Desilvering and development are switched on at about the same time. Desilvering is carried out at a cathode voltage of -560 mV, based on a glass electrode placed between the anode and the cathode. Due to ohmic voltage drops, it was difficult to obtain currents above 2.5 to 3 A. Figure 4 shows the silver content and desilvering current as a function of time. Silver concentrations below 0.1 g/L are easily obtained.

EXAMPLE 5

Using the device used according to the invention, a mixture of 25% of used developer diluted three times (D1), 25% of used fixing solution diluted five times (F1) and 50% washing water is desilvered. Due to the high proportion of developer, the pH is 8.21. The potentiostat is controlled in such a way that a cathode voltage of -570 mV is set, based on a glass reference electrode. 5 L of liquid is filled into the container. At the start of desilvering, the silver concentration is 0.21 g/L and the electrolytic current is 0.93 A. At the end of desilvering, the concentration of silver residues is 0.002 g/L and the electrolytic residual current is 100 mA. The final pH is 8.15. From these results, it can be seen that effective desilvering is achieved.

EXAMPLE 6

In this example, an electrolysis device as described in Example 1 is used. The position of the reference electrode is examined (Figure 5).
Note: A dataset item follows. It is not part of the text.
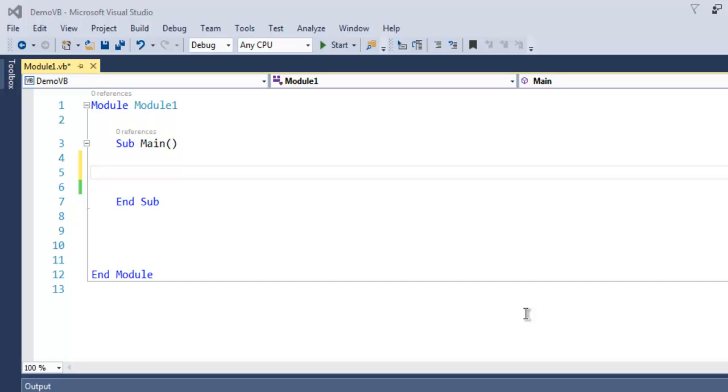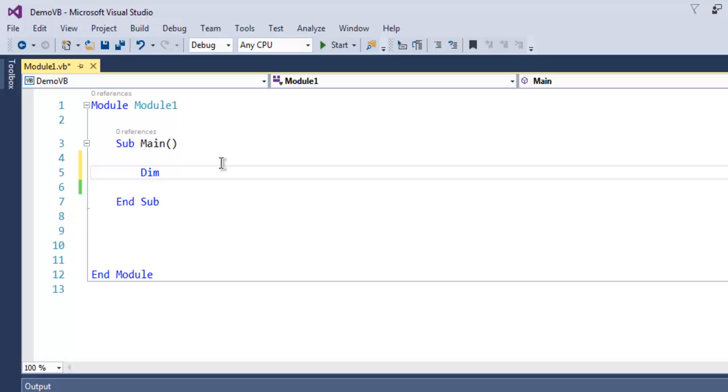Hi there. In this video we're going to see how to use For Next loop in VB.NET. Open your Visual Studio and create a console application in VB.NET. Inside your main subroutine, let's create a variable.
Position 7a in this figure refers to a position of the glass bulb of the glass electrode between the anode and cathode at a distance of approx. 2.5 cm from the cathode.

Position 7b refers to a position of the glass bulb of the glass electrode immediately in front of a hole in the cathode. In this case, the glass electrode is secured by means of a special plastic Y-holder that connects to the liquid outlet.

Figure 6 shows the measured currents at different values of silver content in a fixing bath with pH value of 5.3. At position 2, the glass electrode is much less susceptible to the effects of the ohmic voltage drops, and higher currents are obtained, which leads to faster desilvering.

Claims (10)

1. Use of a device for carrying out the electrolytic desilvering of a photographic processing liquid, which contains an electrolysis device equipped with a monitoring system, the monitoring system containing a cathode, an anode and a reference electrode, characterized in that the reference electrode is a pH-sensitive electrode and the device further contains a potentiostatic device for controlling the desilvering, the cathode voltage being set at the lowest possible position above the voltage at which a reduction of the sulfite ions begins. 2. Use of a device according to claim 1, characterized in that the device further contains an additional potentiostatic control for compensating ohmic voltage drops. 3. Use of a device according to claim 1 or 2, characterized in that the pH-sensitive reference electrode is a glass electrode. 4. Use of a device according to one of claims 1 to 3, characterized in that the cathode has a cylindrical shape and is located near the wall of the electrolysis cell 5. Use of a device according to claim 4, characterized in that the cylindrical cathode has a hole and the pH-sensitive reference electrode is located near this hole outside the gap between the anode and the cathode. 6. Use of a device according to one of claims 1 to 4, characterized in that the pH-sensitive reference electrode is mounted through the bottom of the electrolysis cell. 7. Use of a device according to one of claims 1 to 6, characterized in that the photographic processing liquid is a fixing solution or a bleach-fixing solution with a pH in the range of 3.8 to 8.5. 8. Use of a device according to claim 7, characterized characterized in that the fixing solution or bleach-fixing solution contains at least 2 grammions of sulphite per litre before desilvering. 9. Use of a device according to one of claims 1 to 8, characterized in that the electrolytic desilvering is carried out in batches. 10. Use of a device according to one of claims 1 to 8, characterized in that the electrolytic desilvering is carried out in a process-coupled manner, the electrolysis device being connected to a fixing bath container belonging to an automatic continuous development machine.